YOUR INSTRUCTIONS –
Retype the records in full, keeping each character as it is.
Top of DATASET ENTRIES
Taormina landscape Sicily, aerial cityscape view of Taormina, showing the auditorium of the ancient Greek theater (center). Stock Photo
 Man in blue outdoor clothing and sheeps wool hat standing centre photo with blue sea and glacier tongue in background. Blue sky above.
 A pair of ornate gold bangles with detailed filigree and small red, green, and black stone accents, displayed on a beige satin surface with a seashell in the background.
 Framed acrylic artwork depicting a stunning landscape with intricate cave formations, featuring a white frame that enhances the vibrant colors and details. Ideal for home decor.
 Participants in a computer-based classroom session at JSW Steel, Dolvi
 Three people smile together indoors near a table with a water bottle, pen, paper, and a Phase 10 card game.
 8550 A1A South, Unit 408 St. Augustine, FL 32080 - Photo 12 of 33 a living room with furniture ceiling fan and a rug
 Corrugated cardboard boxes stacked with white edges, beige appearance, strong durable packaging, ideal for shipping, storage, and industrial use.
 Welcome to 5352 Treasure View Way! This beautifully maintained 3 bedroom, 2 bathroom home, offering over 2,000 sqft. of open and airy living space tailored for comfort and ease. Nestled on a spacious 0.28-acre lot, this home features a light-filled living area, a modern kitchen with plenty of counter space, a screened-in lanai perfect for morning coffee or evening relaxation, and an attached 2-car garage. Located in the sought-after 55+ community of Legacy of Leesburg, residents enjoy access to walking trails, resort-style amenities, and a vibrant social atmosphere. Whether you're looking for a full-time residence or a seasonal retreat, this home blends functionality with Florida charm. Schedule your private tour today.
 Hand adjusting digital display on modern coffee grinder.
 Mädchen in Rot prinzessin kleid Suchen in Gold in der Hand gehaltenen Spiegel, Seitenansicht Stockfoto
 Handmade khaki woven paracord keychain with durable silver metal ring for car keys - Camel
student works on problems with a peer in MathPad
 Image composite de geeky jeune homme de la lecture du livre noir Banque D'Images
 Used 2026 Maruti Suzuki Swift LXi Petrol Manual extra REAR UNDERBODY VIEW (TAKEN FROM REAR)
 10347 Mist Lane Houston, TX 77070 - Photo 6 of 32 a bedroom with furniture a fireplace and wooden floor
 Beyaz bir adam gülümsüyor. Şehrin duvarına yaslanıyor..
Bottom of DATASET ENTRIES
COMPLETED TASK –
Taormina landscape Sicily, aerial cityscape view of Taormina, showing the auditorium of the ancient Greek theater (center). Stock Photo
 Man in blue outdoor clothing and sheeps wool hat standing centre photo with blue sea and glacier tongue in background. Blue sky above.
 A pair of ornate gold bangles with detailed filigree and small red, green, and black stone accents, displayed on a beige satin surface with a seashell in the background.
 Framed acrylic artwork depicting a stunning landscape with intricate cave formations, featuring a white frame that enhances the vibrant colors and details. Ideal for home decor.
 Participants in a computer-based classroom session at JSW Steel, Dolvi
 Three people smile together indoors near a table with a water bottle, pen, paper, and a Phase 10 card game.
 8550 A1A South, Unit 408 St. Augustine, FL 32080 - Photo 12 of 33 a living room with furniture ceiling fan and a rug
 Corrugated cardboard boxes stacked with white edges, beige appearance, strong durable packaging, ideal for shipping, storage, and industrial use.
 Welcome to 5352 Treasure View Way! This beautifully maintained 3 bedroom, 2 bathroom home, offering over 2,000 sqft. of open and airy living space tailored for comfort and ease. Nestled on a spacious 0.28-acre lot, this home features a light-filled living area, a modern kitchen with plenty of counter space, a screened-in lanai perfect for morning coffee or evening relaxation, and an attached 2-car garage. Located in the sought-after 55+ community of Legacy of Leesburg, residents enjoy access to walking trails, resort-style amenities, and a vibrant social atmosphere. Whether you're looking for a full-time residence or a seasonal retreat, this home blends functionality with Florida charm. Schedule your private tour today.
 Hand adjusting digital display on modern coffee grinder.
 Mädchen in Rot prinzessin kleid Suchen in Gold in der Hand gehaltenen Spiegel, Seitenansicht Stockfoto
 Handmade khaki woven paracord keychain with durable silver metal ring for car keys - Camel
student works on problems with a peer in MathPad
 Image composite de geeky jeune homme de la lecture du livre noir Banque D'Images
 Used 2026 Maruti Suzuki Swift LXi Petrol Manual extra REAR UNDERBODY VIEW (TAKEN FROM REAR)
 10347 Mist Lane Houston, TX 77070 - Photo 6 of 32 a bedroom with furniture a fireplace and wooden floor
 Beyaz bir adam gülümsüyor. Şehrin duvarına yaslanıyor..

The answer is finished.